:: Directions for this task ::
Practice item. Set the material below down again exactly, with no pictures.
[Raw data Boundary: Start]
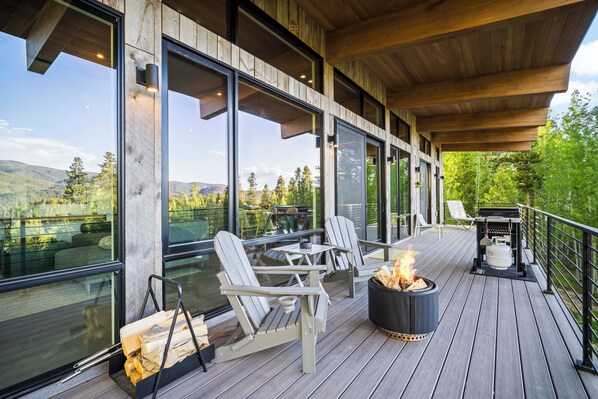 A deck with Adirondack chairs, a fire pit, and a grill.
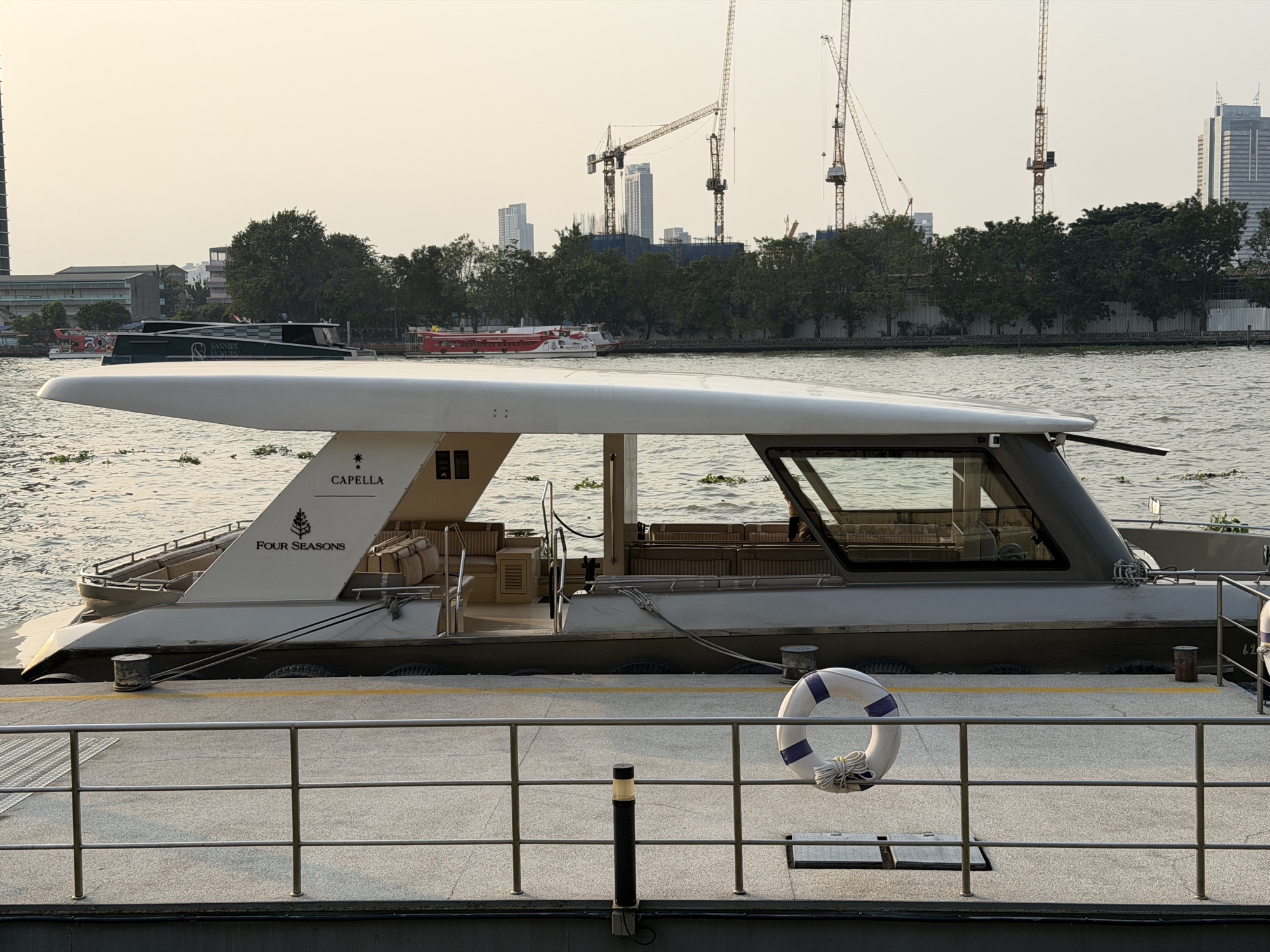 Chao Phraya Estate shuttle boat with Capella and Four Seasons crests docked at the pier at Four Seasons Hotel Bangkok at Chao Phraya River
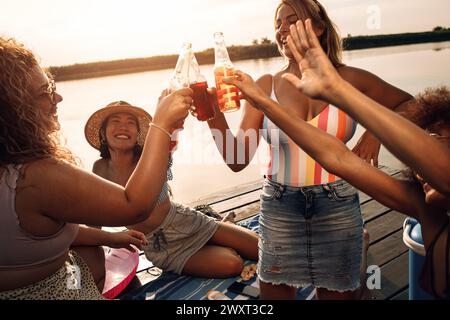 Eine junge Frau, die ihren Freunden Drinks bringt, die auf dem Pier am See sitzen. Stockfoto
[Raw data Boundary: End]
:: Reply to the exercise ::
 A deck with Adirondack chairs, a fire pit, and a grill.
 Chao Phraya Estate shuttle boat with Capella and Four Seasons crests docked at the pier at Four Seasons Hotel Bangkok at Chao Phraya River
 Eine junge Frau, die ihren Freunden Drinks bringt, die auf dem Pier am See sitzen. Stockfoto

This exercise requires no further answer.